U.S. news network CBS has broadcast an interview with Egypt’s military dictator President Abdel Fattah el-Sisi despite a request by the Egyptian government not to air the show.
During the station’s flagship “60 Minutes” current affairs show, el-Sisi told host Scott Pelly that Egypt was militarily cooperating with Israel in the Sinai region, whilst denying the detention of thousands of political prisoners.
Prior to the broadcasting of the interview on Sunday, CBS said the information shared by el-Sisi was “not the kind of news his government wanted broadcast”.
The network said: “The 60 Minutes team was contacted by the Egyptian ambassador shortly after and told the interview could not be aired”.
However, they did not mention which part of the president’s comments the Egyptian government objected to.

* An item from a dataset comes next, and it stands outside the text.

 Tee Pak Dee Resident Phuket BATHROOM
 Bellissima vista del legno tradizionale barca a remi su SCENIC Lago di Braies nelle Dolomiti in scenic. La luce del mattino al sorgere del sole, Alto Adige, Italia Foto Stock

Under Sisi, Egypt has been cooperating with Israel in the demilitarised desert peninsula region of Sinai, as part of a US-brokered 1979 peace treaty between the two countries, but where Egyptian forces now operate freely.
Publicly acknowledging this controversial “cooperation” with Israel can be a sensitive and damaging issue in Egypt.
When the CBS presenter asked whether the cooperation was the closest that Egypt has had with Israel, Sisi replied: “That is correct. The Air Force sometimes needs to cross to the Israeli side. And that’s why we have a wide range of coordination with the Israelis.”
Last year, the Egyptian army denied media reports that it was working alongside Israel in the Sinai region against ISIS fighters.
When Pelly went on to ask why Egypt had not managed to defeat “the estimated 1,000 terrorists” after receiving $1bn in U.S. military aid, el-Sisi responded by saying, “Why hasn’t the U.S. eliminated the terrorists in Afghanistan after 17 years and spending a trillion dollars?”
Egypt’s military dictator was also questioned about the massacre of more than 1,000 Muslim Brotherhood supporters in Rabaa al-Adawiya Square in 2013 while he was defence minister, and whether he gave that order.
El-Sisi told Pelly: “Are you closely following the situation in Egypt?
“From where do you get your information?
“There were thousands of armed people in the sit-in for more than 40 days.
“We tried every peaceful means to disperse them.”
Citing a report by the Human Rights Watch (HRW), the CBS anchor then asked whether armoured personnel carriers, bulldozers, ground forces, snipers, police and army personnel attacking the protest encampment was “necessary”.
El-Sisi replied by dismissing HRW as a reliable source of information.
He said: “There were police personnel and they were trying to open peaceful corridors for the people to go safely to their homes.”
El-Sisi also denied reports from international human rights group who have estimated that Egypt has imprisoned up to 60,000 political prisoners.
Sweating from his forehead, el-Sisi said: “I don’t know where they got that figure. I said there are no political prisoners in Egypt.
“Whenever there is a minority trying to impose their extremist ideology we have to intervene regardless of their numbers.”
The mass incarceration of political activists, scholars and journalists is part of the wider crackdown on dissent, which includes tighter restrictions of the media, placing draconian policies on human rights groups and undoing the freedoms attained by the 2011 uprising against Egypt’s former dictator, Hosni Mubarak.